Your task: Look for the word "Green" in the material below, then report each line where it occurs.

Material shown:
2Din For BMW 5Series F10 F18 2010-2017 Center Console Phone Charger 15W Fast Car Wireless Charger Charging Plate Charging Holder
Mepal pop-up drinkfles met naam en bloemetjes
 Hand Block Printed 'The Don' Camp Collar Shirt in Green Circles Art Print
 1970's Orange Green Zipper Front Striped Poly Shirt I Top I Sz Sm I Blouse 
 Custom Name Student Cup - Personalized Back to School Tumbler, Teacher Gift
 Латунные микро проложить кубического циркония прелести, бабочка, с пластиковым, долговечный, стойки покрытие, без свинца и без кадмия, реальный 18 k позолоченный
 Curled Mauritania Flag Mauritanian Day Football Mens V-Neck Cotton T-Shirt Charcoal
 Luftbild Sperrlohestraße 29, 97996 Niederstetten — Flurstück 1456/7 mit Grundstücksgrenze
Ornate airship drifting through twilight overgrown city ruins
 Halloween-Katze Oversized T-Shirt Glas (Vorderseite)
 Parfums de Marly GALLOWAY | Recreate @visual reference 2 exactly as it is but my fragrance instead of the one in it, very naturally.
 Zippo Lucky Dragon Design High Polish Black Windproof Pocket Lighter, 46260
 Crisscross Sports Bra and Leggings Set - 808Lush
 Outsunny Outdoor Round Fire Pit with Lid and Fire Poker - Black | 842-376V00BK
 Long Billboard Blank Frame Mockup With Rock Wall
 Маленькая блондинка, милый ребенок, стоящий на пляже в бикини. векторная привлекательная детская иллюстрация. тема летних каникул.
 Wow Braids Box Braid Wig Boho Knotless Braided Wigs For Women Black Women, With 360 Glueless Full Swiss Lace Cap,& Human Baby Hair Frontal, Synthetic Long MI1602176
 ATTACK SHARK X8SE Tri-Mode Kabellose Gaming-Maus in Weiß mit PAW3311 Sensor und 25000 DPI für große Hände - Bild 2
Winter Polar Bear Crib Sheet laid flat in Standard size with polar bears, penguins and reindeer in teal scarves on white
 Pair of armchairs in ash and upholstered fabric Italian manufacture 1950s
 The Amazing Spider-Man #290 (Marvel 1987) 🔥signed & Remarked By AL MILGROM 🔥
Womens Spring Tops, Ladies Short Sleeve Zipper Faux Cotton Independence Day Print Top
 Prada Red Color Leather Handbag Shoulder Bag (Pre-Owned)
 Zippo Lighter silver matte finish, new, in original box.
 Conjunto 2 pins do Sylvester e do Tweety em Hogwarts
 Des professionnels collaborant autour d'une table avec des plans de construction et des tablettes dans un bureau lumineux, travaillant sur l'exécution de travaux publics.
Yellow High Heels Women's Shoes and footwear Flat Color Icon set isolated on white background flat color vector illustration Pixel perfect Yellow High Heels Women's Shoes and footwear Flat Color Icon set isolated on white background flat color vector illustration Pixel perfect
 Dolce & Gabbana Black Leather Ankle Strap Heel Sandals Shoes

Result:
 Hand Block Printed 'The Don' Camp Collar Shirt in Green Circles Art Print
 1970's Orange Green Zipper Front Striped Poly Shirt I Top I Sz Sm I Blouse 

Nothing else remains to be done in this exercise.